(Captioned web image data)
· · ·
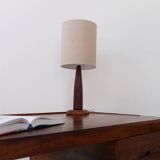 Vintage Danish Teak Table Lamp, 1960s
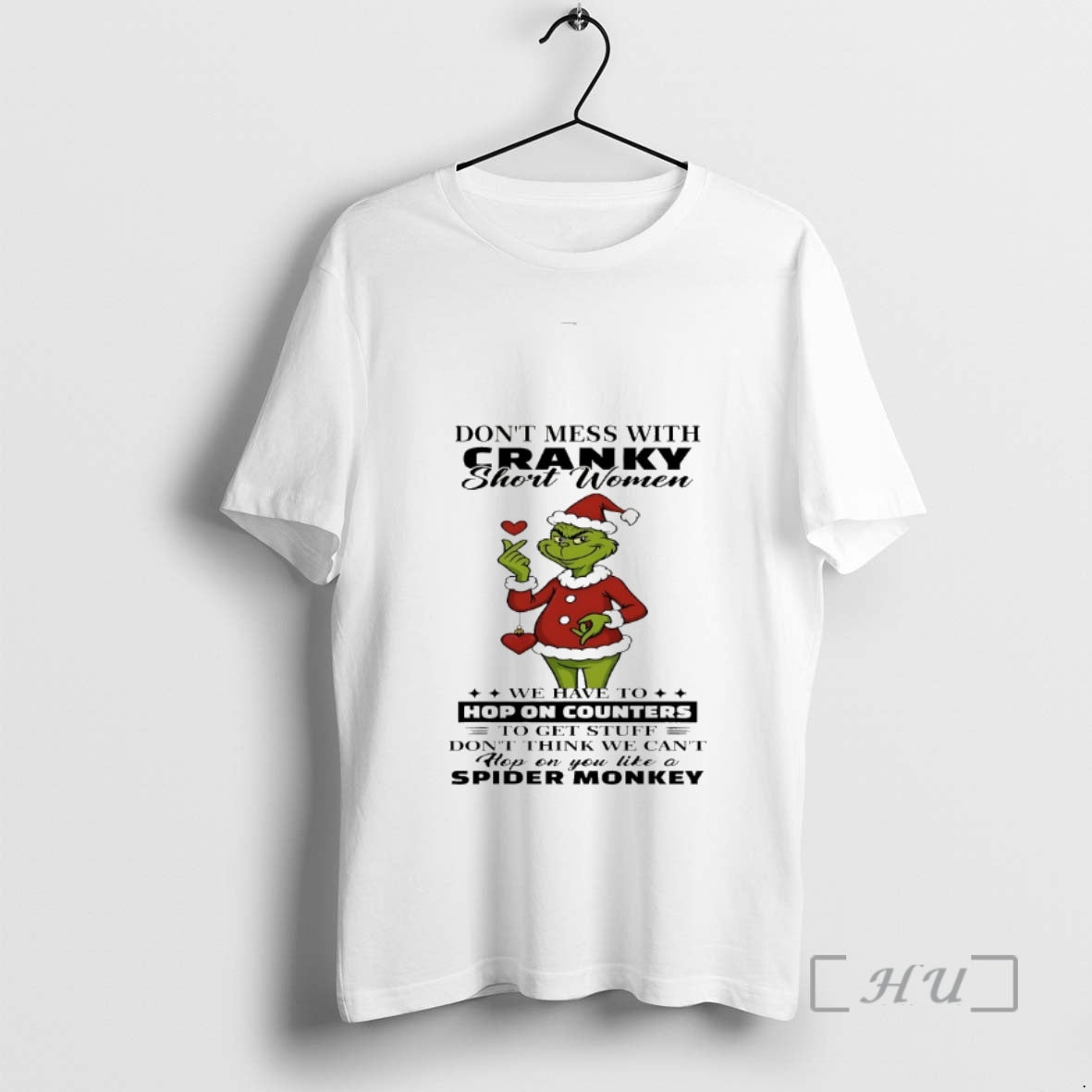 Officials Grinch Dont Mess With Cranky Short Women Chirstmas 2025 - clothing by TeeHivey.com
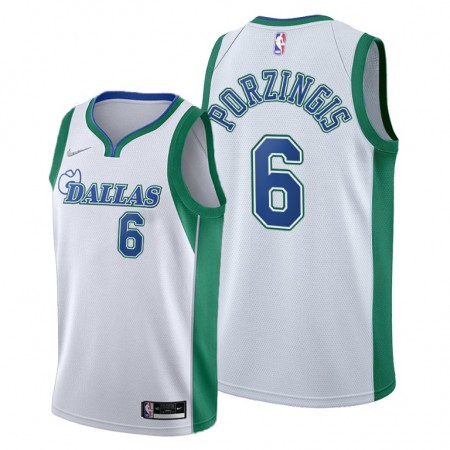 NBA Mænd Trøje Dallas Mavericks Kristaps Porzingis 6 Nike 2021-22 City Edition Swingman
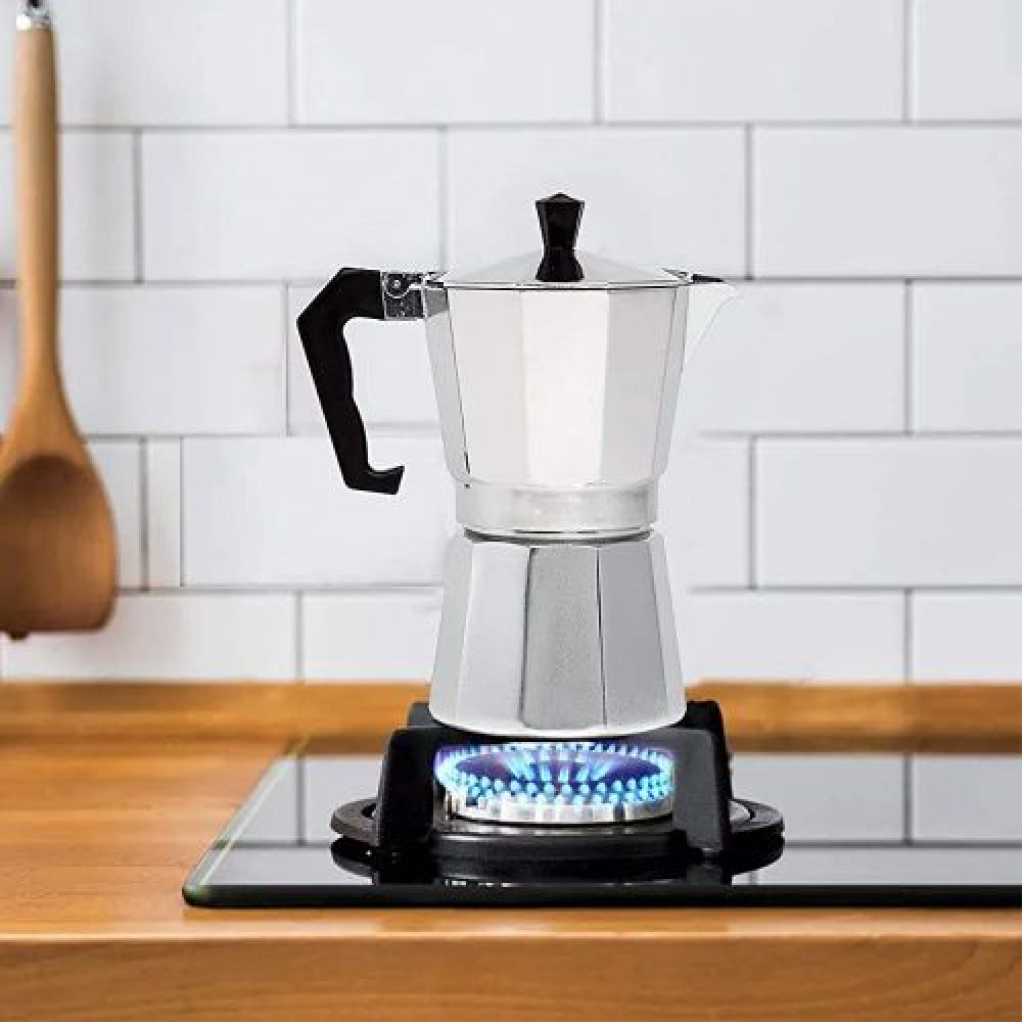 Coffee Maker Moka Pot Top Expresso Latte Stove Percolator 4 Cups 200ML (Silver) Coffee Makers TilyExpress 15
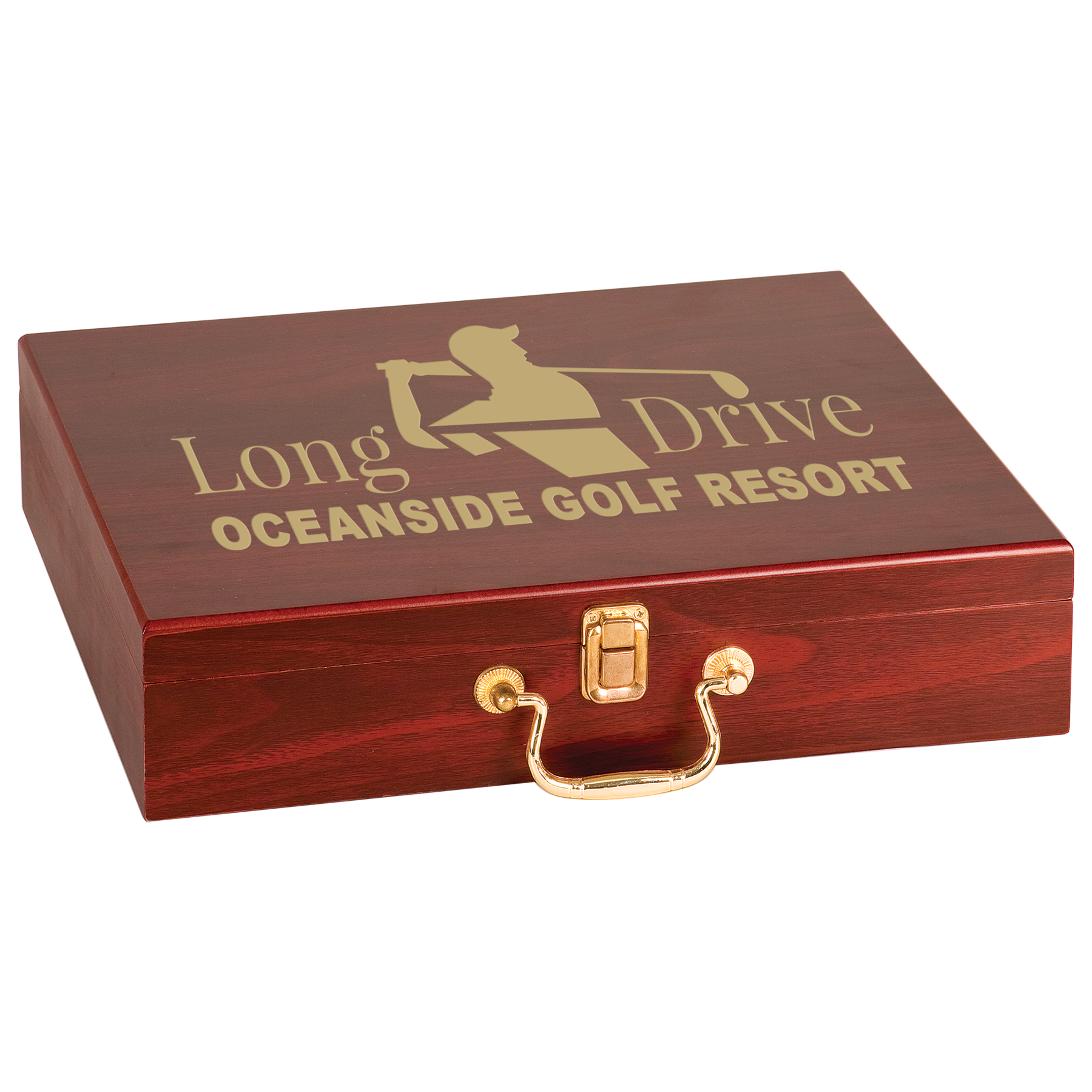 Rosewood Finish Executive Golf Set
· · ·
** TASK DETAILS **
Without the pictures, reproduce the entries exactly.

** TASK ANSWER **
 Vintage Danish Teak Table Lamp, 1960s
 Officials Grinch Dont Mess With Cranky Short Women Chirstmas 2025 - clothing by TeeHivey.com
 NBA Mænd Trøje Dallas Mavericks Kristaps Porzingis 6 Nike 2021-22 City Edition Swingman
 Coffee Maker Moka Pot Top Expresso Latte Stove Percolator 4 Cups 200ML (Silver) Coffee Makers TilyExpress 15
 Rosewood Finish Executive Golf Set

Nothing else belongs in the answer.